Goodpatchメンバーに聞いた!UIデザインを知りたい人へのおすすめ本13選
デザインには「装飾」と「設計」という異なる顔があり、非常に多様な意味合いがあります。
今回は、UIデザインに着目して、「UIデザインって何?」というところから勉強できる本をご紹介します。
次のような人に特におすすめです。
- UIデザイナーになったばかりの人
- もっとUIデザインについて勉強したい人
- サービス、アプリ開発に携わるエンジニア・ディレクターの人
目次
▶︎ 導入編
1. 誰のためのデザイン?
ものづくりに関わる人は必ず読んだ方がいい!と紹介されたのが、この本です。
作り手の都合や機械のための設計ではなく、人間中心の設計をせよ、と初めてユーザビリティに重きを置いた提唱をしたD.A.ノーマンの著書です。

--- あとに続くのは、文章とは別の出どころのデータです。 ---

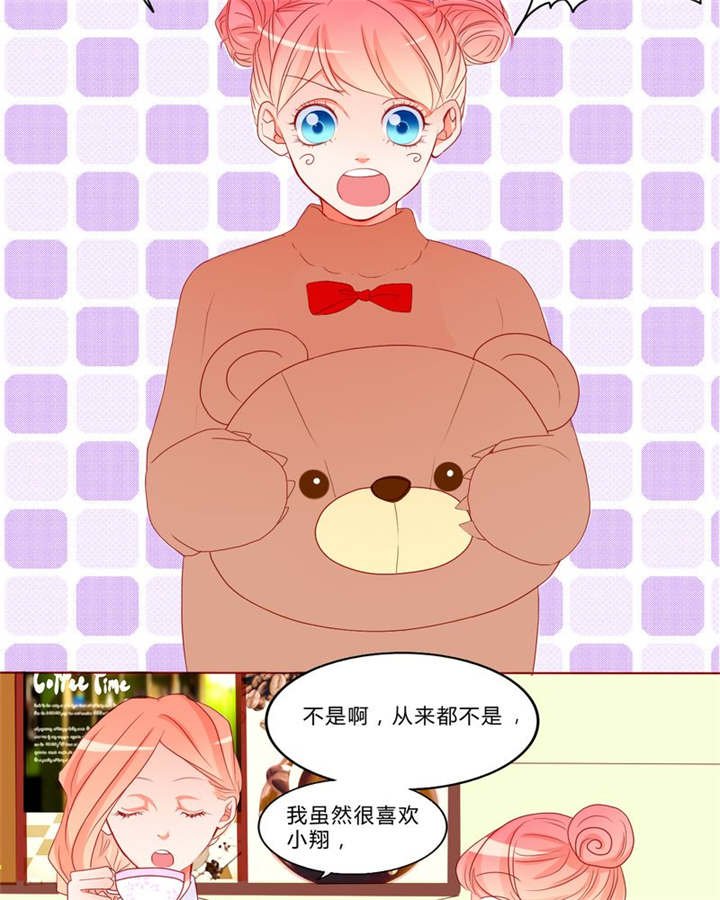 第11章：恋爱向前冲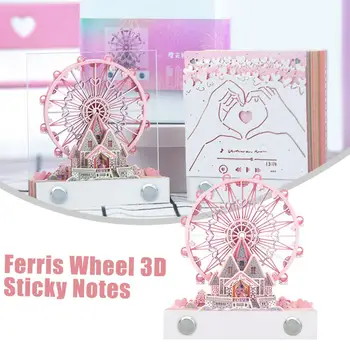 Колесо Обозрения Omoshiroi 3D Sticky Notes Офисная Бумага Для Заметок Украшение Стола Подарочный Блок На День Рождения 3D Блокноты Для Заметок На День Святого Валентина D E7G0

デザイナーは、起こり得るエラーが実際に起こることを想定した上で、そのエラーが起こる確率と、エラーが起こった時の影響が最小になるようにデザインしなければならない
本書のこの言葉からも、本来デザイナーとは見た目の良いものを作る職業ではなく、ユーザーを思いやった設計をする職業なのだと教えてくれる本だということが分かりますね。
本質的なものづくりとして、UXを勉強するためにも、エンジニアやプロジェクトマネージャーの人に読んでいただきたい内容だと思いました。
内容を分かりやすくまとめたスライドがあったので、チェックしてみてください。
2. 失敗から学ぶ ユーザインターフェース
この本は、「洗面所のユーザインターフェース」「エレベーターのユーザインターフェース」など、身近でよく見かける使いにくいUIを、写真と共に紹介しています。
さまざまな身近にあるBAD UIから、「使いにくさの原因は何なのか・どうすれば使いやすくできるのか」まで解説してくれるので、UIデザイナーになりたての人にとっては、特に読む価値のある本ではないでしょうか。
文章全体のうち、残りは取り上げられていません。